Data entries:
====

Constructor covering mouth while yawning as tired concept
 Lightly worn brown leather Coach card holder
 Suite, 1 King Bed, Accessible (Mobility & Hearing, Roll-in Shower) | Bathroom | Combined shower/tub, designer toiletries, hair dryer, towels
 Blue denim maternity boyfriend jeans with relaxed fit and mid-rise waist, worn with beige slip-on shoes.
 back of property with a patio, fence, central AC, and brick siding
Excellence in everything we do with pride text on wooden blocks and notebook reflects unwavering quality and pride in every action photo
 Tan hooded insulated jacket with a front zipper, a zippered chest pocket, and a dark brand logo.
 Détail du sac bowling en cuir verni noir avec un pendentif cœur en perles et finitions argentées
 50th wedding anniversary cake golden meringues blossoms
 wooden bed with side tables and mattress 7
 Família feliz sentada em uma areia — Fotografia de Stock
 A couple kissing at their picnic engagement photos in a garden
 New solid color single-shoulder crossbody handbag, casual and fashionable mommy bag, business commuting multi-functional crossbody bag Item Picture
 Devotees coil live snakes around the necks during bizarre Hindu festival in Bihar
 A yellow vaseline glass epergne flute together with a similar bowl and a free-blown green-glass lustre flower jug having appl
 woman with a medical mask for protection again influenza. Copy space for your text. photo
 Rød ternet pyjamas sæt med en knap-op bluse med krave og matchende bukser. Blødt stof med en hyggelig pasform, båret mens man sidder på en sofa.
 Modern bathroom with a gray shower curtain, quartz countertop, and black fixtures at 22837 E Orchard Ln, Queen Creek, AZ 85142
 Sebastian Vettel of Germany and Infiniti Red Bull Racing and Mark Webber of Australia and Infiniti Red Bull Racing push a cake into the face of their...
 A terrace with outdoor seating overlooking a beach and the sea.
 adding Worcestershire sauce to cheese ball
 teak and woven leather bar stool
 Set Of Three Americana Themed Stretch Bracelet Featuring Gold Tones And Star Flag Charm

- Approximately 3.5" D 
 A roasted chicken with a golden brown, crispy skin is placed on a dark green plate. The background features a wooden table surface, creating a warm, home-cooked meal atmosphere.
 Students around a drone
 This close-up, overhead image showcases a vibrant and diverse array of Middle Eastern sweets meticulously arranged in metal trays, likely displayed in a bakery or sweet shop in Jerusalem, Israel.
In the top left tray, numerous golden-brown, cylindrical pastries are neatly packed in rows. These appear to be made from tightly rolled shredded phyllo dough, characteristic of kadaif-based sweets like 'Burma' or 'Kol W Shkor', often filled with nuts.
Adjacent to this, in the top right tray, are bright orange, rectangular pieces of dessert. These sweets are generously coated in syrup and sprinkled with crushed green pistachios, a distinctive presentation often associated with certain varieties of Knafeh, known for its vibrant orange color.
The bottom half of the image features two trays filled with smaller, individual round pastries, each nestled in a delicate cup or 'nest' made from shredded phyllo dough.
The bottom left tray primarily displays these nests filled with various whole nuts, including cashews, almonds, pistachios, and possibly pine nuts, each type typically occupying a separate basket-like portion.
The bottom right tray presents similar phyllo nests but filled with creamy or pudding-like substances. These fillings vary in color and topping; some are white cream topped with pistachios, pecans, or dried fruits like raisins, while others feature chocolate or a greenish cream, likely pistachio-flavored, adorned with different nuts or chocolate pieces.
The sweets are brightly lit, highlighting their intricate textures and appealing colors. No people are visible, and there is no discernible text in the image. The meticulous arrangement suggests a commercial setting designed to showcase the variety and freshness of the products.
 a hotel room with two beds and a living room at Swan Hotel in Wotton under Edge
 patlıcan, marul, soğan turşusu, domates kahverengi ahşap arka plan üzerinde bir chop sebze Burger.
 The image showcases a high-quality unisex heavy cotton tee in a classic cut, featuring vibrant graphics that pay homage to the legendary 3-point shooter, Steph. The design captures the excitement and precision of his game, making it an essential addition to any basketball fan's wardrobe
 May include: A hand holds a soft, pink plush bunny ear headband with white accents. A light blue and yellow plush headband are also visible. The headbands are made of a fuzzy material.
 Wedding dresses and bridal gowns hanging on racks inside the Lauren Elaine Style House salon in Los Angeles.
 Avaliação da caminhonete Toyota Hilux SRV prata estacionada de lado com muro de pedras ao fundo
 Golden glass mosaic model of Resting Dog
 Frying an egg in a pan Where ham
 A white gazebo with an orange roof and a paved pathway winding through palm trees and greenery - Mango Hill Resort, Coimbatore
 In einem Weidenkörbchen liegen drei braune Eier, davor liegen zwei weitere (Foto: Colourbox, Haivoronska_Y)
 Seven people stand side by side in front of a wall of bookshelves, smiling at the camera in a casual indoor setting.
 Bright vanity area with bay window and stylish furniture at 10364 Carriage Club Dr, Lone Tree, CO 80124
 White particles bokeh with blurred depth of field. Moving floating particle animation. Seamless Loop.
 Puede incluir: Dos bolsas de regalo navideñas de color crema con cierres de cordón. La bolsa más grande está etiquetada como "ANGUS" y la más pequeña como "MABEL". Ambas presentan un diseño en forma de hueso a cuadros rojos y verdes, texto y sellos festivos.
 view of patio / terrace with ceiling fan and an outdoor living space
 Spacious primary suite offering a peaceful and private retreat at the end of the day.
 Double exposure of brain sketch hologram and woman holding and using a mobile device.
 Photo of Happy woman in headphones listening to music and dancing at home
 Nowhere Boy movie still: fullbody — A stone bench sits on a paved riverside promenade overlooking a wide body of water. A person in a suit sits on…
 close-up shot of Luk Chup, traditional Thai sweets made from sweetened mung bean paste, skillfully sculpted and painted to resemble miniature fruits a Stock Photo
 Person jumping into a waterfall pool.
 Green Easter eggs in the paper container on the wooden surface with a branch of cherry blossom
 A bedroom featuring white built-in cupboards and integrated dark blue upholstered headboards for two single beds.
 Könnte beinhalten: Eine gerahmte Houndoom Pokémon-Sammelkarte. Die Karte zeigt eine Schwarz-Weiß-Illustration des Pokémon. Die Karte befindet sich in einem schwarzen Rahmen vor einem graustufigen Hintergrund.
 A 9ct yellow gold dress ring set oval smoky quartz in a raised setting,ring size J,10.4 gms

====

Give the entries again, every one of them exactly.

Constructor covering mouth while yawning as tired concept
 Lightly worn brown leather Coach card holder
 Suite, 1 King Bed, Accessible (Mobility & Hearing, Roll-in Shower) | Bathroom | Combined shower/tub, designer toiletries, hair dryer, towels
 Blue denim maternity boyfriend jeans with relaxed fit and mid-rise waist, worn with beige slip-on shoes.
 back of property with a patio, fence, central AC, and brick siding
Excellence in everything we do with pride text on wooden blocks and notebook reflects unwavering quality and pride in every action photo
 Tan hooded insulated jacket with a front zipper, a zippered chest pocket, and a dark brand logo.
 Détail du sac bowling en cuir verni noir avec un pendentif cœur en perles et finitions argentées
 50th wedding anniversary cake golden meringues blossoms
 wooden bed with side tables and mattress 7
 Família feliz sentada em uma areia — Fotografia de Stock
 A couple kissing at their picnic engagement photos in a garden
 New solid color single-shoulder crossbody handbag, casual and fashionable mommy bag, business commuting multi-functional crossbody bag Item Picture
 Devotees coil live snakes around the necks during bizarre Hindu festival in Bihar
 A yellow vaseline glass epergne flute together with a similar bowl and a free-blown green-glass lustre flower jug having appl
 woman with a medical mask for protection again influenza. Copy space for your text. photo
 Rød ternet pyjamas sæt med en knap-op bluse med krave og matchende bukser. Blødt stof med en hyggelig pasform, båret mens man sidder på en sofa.
 Modern bathroom with a gray shower curtain, quartz countertop, and black fixtures at 22837 E Orchard Ln, Queen Creek, AZ 85142
 Sebastian Vettel of Germany and Infiniti Red Bull Racing and Mark Webber of Australia and Infiniti Red Bull Racing push a cake into the face of their...
 A terrace with outdoor seating overlooking a beach and the sea.
 adding Worcestershire sauce to cheese ball
 teak and woven leather bar stool
 Set Of Three Americana Themed Stretch Bracelet Featuring Gold Tones And Star Flag Charm

- Approximately 3.5" D 
 A roasted chicken with a golden brown, crispy skin is placed on a dark green plate. The background features a wooden table surface, creating a warm, home-cooked meal atmosphere.
 Students around a drone
 This close-up, overhead image showcases a vibrant and diverse array of Middle Eastern sweets meticulously arranged in metal trays, likely displayed in a bakery or sweet shop in Jerusalem, Israel.
In the top left tray, numerous golden-brown, cylindrical pastries are neatly packed in rows. These appear to be made from tightly rolled shredded phyllo dough, characteristic of kadaif-based sweets like 'Burma' or 'Kol W Shkor', often filled with nuts.
Adjacent to this, in the top right tray, are bright orange, rectangular pieces of dessert. These sweets are generously coated in syrup and sprinkled with crushed green pistachios, a distinctive presentation often associated with certain varieties of Knafeh, known for its vibrant orange color.
The bottom half of the image features two trays filled with smaller, individual round pastries, each nestled in a delicate cup or 'nest' made from shredded phyllo dough.
The bottom left tray primarily displays these nests filled with various whole nuts, including cashews, almonds, pistachios, and possibly pine nuts, each type typically occupying a separate basket-like portion.
The bottom right tray presents similar phyllo nests but filled with creamy or pudding-like substances. These fillings vary in color and topping; some are white cream topped with pistachios, pecans, or dried fruits like raisins, while others feature chocolate or a greenish cream, likely pistachio-flavored, adorned with different nuts or chocolate pieces.
The sweets are brightly lit, highlighting their intricate textures and appealing colors. No people are visible, and there is no discernible text in the image. The meticulous arrangement suggests a commercial setting designed to showcase the variety and freshness of the products.
 a hotel room with two beds and a living room at Swan Hotel in Wotton under Edge
 patlıcan, marul, soğan turşusu, domates kahverengi ahşap arka plan üzerinde bir chop sebze Burger.
 The image showcases a high-quality unisex heavy cotton tee in a classic cut, featuring vibrant graphics that pay homage to the legendary 3-point shooter, Steph. The design captures the excitement and precision of his game, making it an essential addition to any basketball fan's wardrobe
 May include: A hand holds a soft, pink plush bunny ear headband with white accents. A light blue and yellow plush headband are also visible. The headbands are made of a fuzzy material.
 Wedding dresses and bridal gowns hanging on racks inside the Lauren Elaine Style House salon in Los Angeles.
 Avaliação da caminhonete Toyota Hilux SRV prata estacionada de lado com muro de pedras ao fundo
 Golden glass mosaic model of Resting Dog
 Frying an egg in a pan Where ham
 A white gazebo with an orange roof and a paved pathway winding through palm trees and greenery - Mango Hill Resort, Coimbatore
 In einem Weidenkörbchen liegen drei braune Eier, davor liegen zwei weitere (Foto: Colourbox, Haivoronska_Y)
 Seven people stand side by side in front of a wall of bookshelves, smiling at the camera in a casual indoor setting.
 Bright vanity area with bay window and stylish furniture at 10364 Carriage Club Dr, Lone Tree, CO 80124
 White particles bokeh with blurred depth of field. Moving floating particle animation. Seamless Loop.
 Puede incluir: Dos bolsas de regalo navideñas de color crema con cierres de cordón. La bolsa más grande está etiquetada como "ANGUS" y la más pequeña como "MABEL". Ambas presentan un diseño en forma de hueso a cuadros rojos y verdes, texto y sellos festivos.
 view of patio / terrace with ceiling fan and an outdoor living space
 Spacious primary suite offering a peaceful and private retreat at the end of the day.
 Double exposure of brain sketch hologram and woman holding and using a mobile device.
 Photo of Happy woman in headphones listening to music and dancing at home
 Nowhere Boy movie still: fullbody — A stone bench sits on a paved riverside promenade overlooking a wide body of water. A person in a suit sits on…
 close-up shot of Luk Chup, traditional Thai sweets made from sweetened mung bean paste, skillfully sculpted and painted to resemble miniature fruits a Stock Photo
 Person jumping into a waterfall pool.
 Green Easter eggs in the paper container on the wooden surface with a branch of cherry blossom
 A bedroom featuring white built-in cupboards and integrated dark blue upholstered headboards for two single beds.
 Könnte beinhalten: Eine gerahmte Houndoom Pokémon-Sammelkarte. Die Karte zeigt eine Schwarz-Weiß-Illustration des Pokémon. Die Karte befindet sich in einem schwarzen Rahmen vor einem graustufigen Hintergrund.
 A 9ct yellow gold dress ring set oval smoky quartz in a raised setting,ring size J,10.4 gms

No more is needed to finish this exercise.